I received my Ph.D. at Berkeley under Prof. Eugene Wong in 1980, working on database design and translation within the Ingres Relational Database project. I had the good fortune to have also worked one summer with the System-R Relational Database Group at IBM's San Jose Research Laboratory, so I was located in the center of the relational database design and implementation universe.

I spent one year working at BBN, working with the legendary Dave Walden and John McQuillan (inventors of the original Internet routing algorithms), and at Computer Corporation of America in Cambridge, MA, a leading database research center at that time. In 1981, I moved to the University of Wisconsin-Madison, where I shifted my interests into VLSI and CAD, in particular, database support for VLSI CAD environments. An opportunity presented itself to return to Berkeley in 1983, which I accepted gladly, selling my snow tires. Since that time, my research and teaching interests have focused on a series of projects spanning the design, engineering, and implementation of a variety of advanced computing systems spanning hardware and software.

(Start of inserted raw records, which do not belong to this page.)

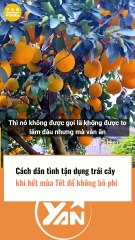 Cách dân tình tận dụng trái cây để không thể bỏ phí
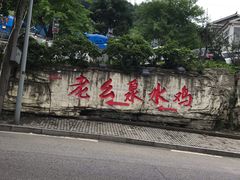 -老幺泉水鸡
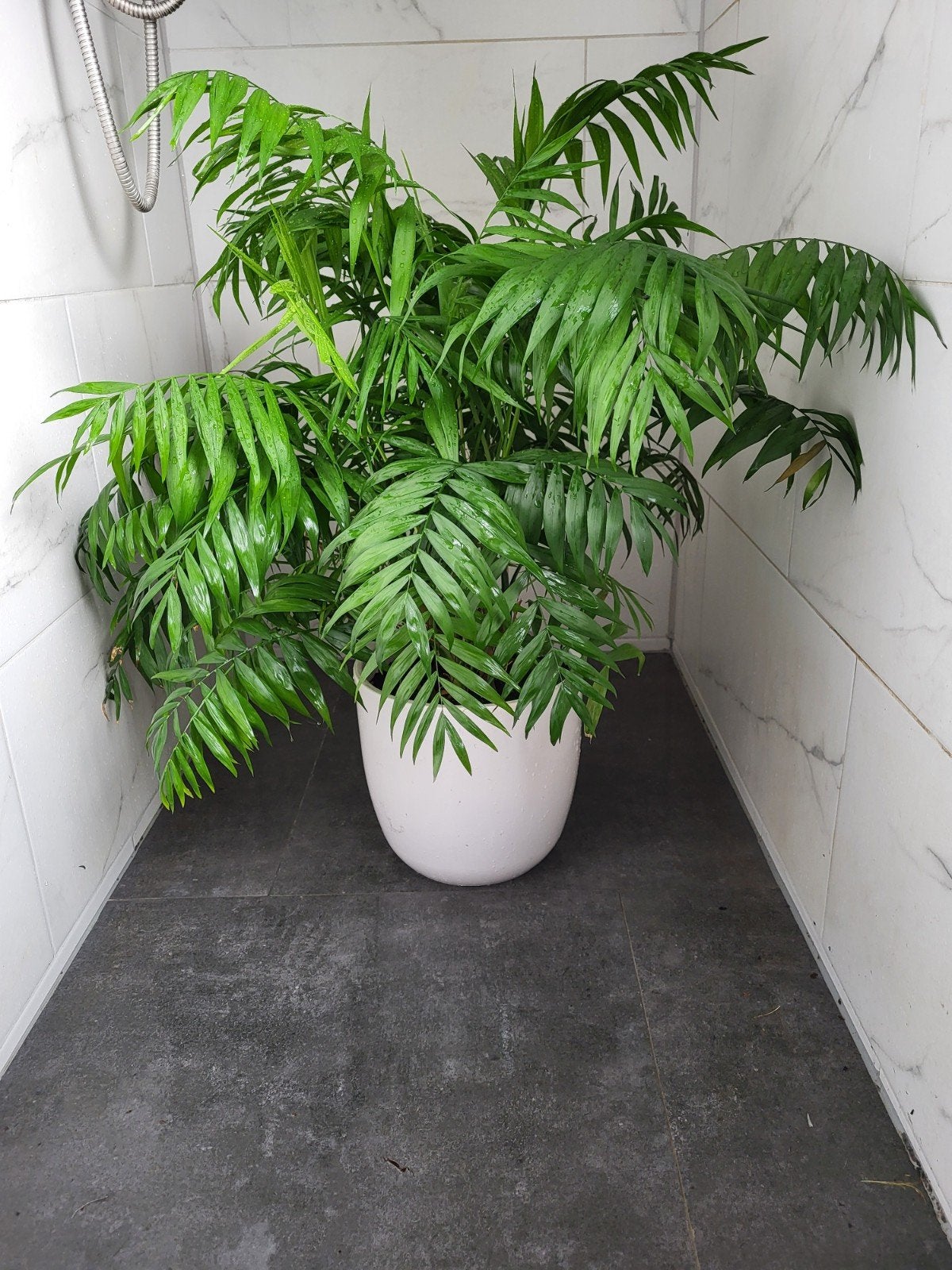 Mexicaanse Bergpalm Chamaedorea Elegans pot 28 cm  25 cm h, Huis en Inrichting, Ophalen, Palm, Halfschaduw, In pot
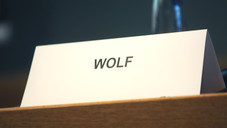 Wolf-Nachfolger gesucht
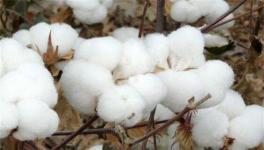 棉花价格多少钱一斤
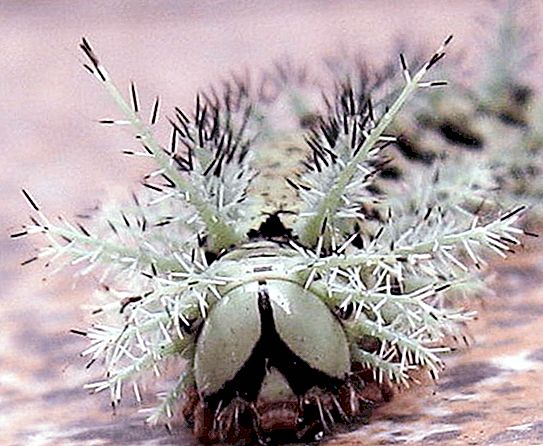 Lonomia毛毛虫：地球上最危险的毛毛虫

Research Projects at Berkeley

Other Career Highlights

In 1992, I received the Distinguished Teaching Award of the Berkeley Academic Senate.

In 1996, I was elected a Fellow of the ACM and a Fellow of the IEEE. In that year, I became the first Computer Scientist to be the Chair of the Department of Electrical Engineering and Computer Science and was appointed the inagural holder of the United Microelectronics Corporation Distinguished Professorship. I was Department Chair from 1996 to 1999.

NEWSWEEK Magazine, 21 April 1997, listed me among the 100 Americans for the Next Century. To quote Newsweek, "This is not a list of the great and powerful, or the beautiful and celebritous. Our object has been to take a snapshot of the future, framing some of the personalities whose creativity or talent or brains or leadership will make a difference in the years ahead." Page 34, "This Berkeley prof got Clinton and Gore on the Web. In 2000 his name may pop up on Gore's transition list" (it didn't!).

Our work in the 1980s on RAID has received alot of recognition recently, including an ACM SIGMOD "Test of Time" Paper in 1998 and the IEEE Johnson Information Storage Award in 1999. My educational efforts have also been recognized, with the ASEE Terman Award and the ACM Karlstrom Award in 1999. I was elected to the National Academy of Engineering in 2000.